B segregates to grain boundaries to improve the secondary workability of the product. If the B content is excessively high, however, the workability and the corrosion resistance decrease. Accordingly, in the case of adding B, the B content is 0.0050 % or less.

Mo: 2.000 % or less

Mo is an element that improves the corrosion resistance and in particular suppresses crevice corrosion. If the Mo content is excessively high, however, the formability degrades. Accordingly, in the case of adding Mo, the Mo content is 2.000 % or less.

Cu: 3.000 % or less

Cu is an austenite stabilizing element as with Ni and Mn, and is effective in crystal grain refinement by phase transformation. Cu also suppresses crevice corrosion and facilitates repassivation. If the Cu content is excessively high, however, the toughness and the formability degrade. Accordingly, in the case of adding Cu, the Cu content is 3.000 % or less.

Sn: 0.500 % or less

Sn contributes to improved corrosion resistance and high-temperature strength. If the Sn content is excessively high, however, slab cracking is likely to occur in steel sheet production. Accordingly, in the case of adding Sn, the Sn content is 0.500 % or less.

Sb: 0.200 % or less

Sb has an action of segregating to grain boundaries and increasing the high-temperature strength. If the Sb content is excessively high, however, cracking is likely to occur in welding due to Sb segregation. Accordingly, in the case of adding Sb, the Sb content is 0.200 % or less.

Ta: 0.100 % or less

Ta combines with C and N and contributes to improved toughness. If the Ta content is excessively high, however, the effect is saturated, and the production costs increase. Accordingly, in the case of adding Ta, the Ta content is 0.100 % or less.

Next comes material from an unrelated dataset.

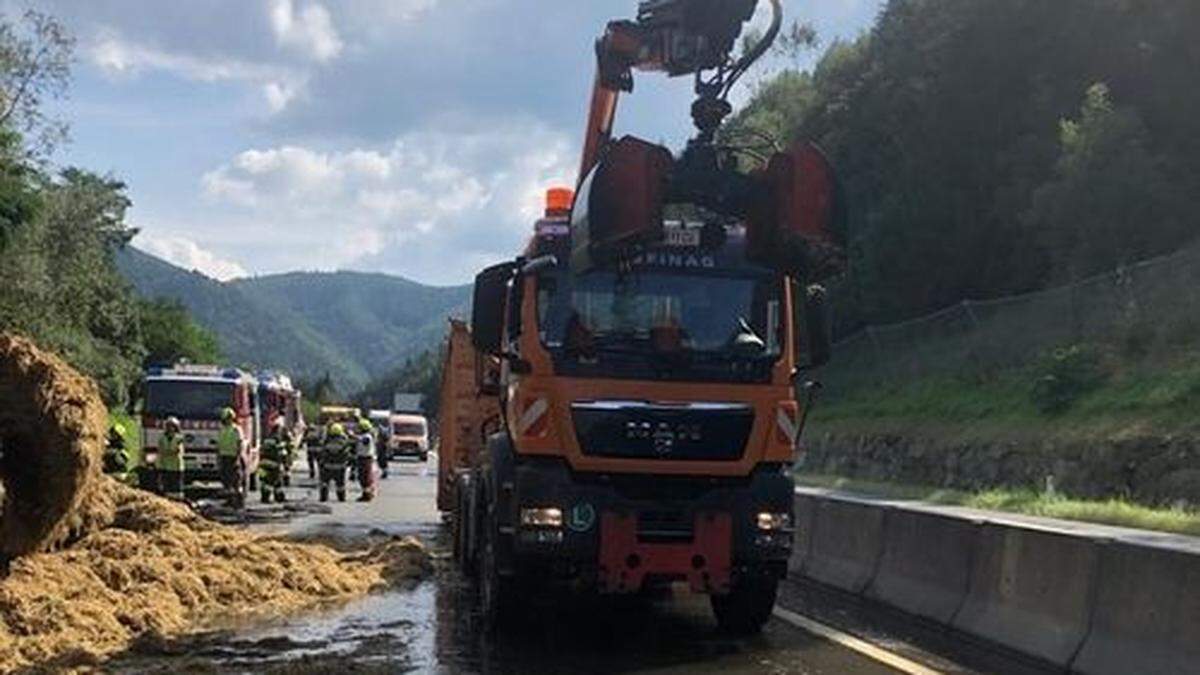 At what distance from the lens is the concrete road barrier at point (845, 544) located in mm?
12055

[Diffusible hydrogen content]

In this embodiment, the diffusible hydrogen content in the product coil is preferably 0.50 mass ppm or less, more preferably 0.30 mass ppm or less, and further preferably 0.20 mass ppm or less, in order to ensure favorable bendability. Although no lower limit is placed on the diffusible hydrogen content in the product coil, the diffusible hydrogen content in the product coil may be 0.01 mass ppm or more under manufacturing constraints.
The method of measuring the diffusible hydrogen content in the product coil is as follows: A test piece of 30 mm in length and 5 mm in width is collected from the product coil. In the case of a product coil of a hot-dip galvanized steel sheet or a galvannealed steel sheet, the hot-dip galvanized layer or the galvannealed layer of the test piece is removed by grinding or alkali. After this, the amount of hydrogen released from the test piece is measured by thermal desorption spectrometry (TDS). Specifically, the test piece is continuously heated from room temperature to 300 °C at a heating rate of 200 °C/h and then cooled to room temperature, and the cumulative amount of hydrogen released from the test piece from room temperature to 210 °C is measured and taken to be the diffusible hydrogen content in the product coil.

EXAMPLES

Steels each having a chemical composition containing the elements listed in Table 1 with the balance being Fe and inevitable impurities were each obtained by steelmaking using a converter, and continuously cast into a slab. The obtained slab was subjected to hot rolling and cold rolling to obtain a cold-rolled coil. As seen from Table 2, a product coil of a cold-rolled and annealed steel sheet (CR) was produced by the CAL illustrated in FIG. 1 in some cases, a product coil of a hot-dip galvanized steel sheet (GI) was produced without heating and alloying by the CGL illustrated in FIG. 2 in some other cases, and a product coil of a galvannealed steel sheet (GA) was produced by the CGL illustrated in FIG. 2 in the remaining cases.
For each case, vibration was applied to the cold-rolled steel sheet being passed using the electromagnetic vibration application device illustrated in FIGS. 4 to 6, under the conditions of the maximum amplitude, the frequency, and the vibration application time listed in Table 2. In Table 2, "Vibration application location" indicates the region in the CAL or the CGL where the vibration application step was performed, i.e. the installation location of the vibration application device.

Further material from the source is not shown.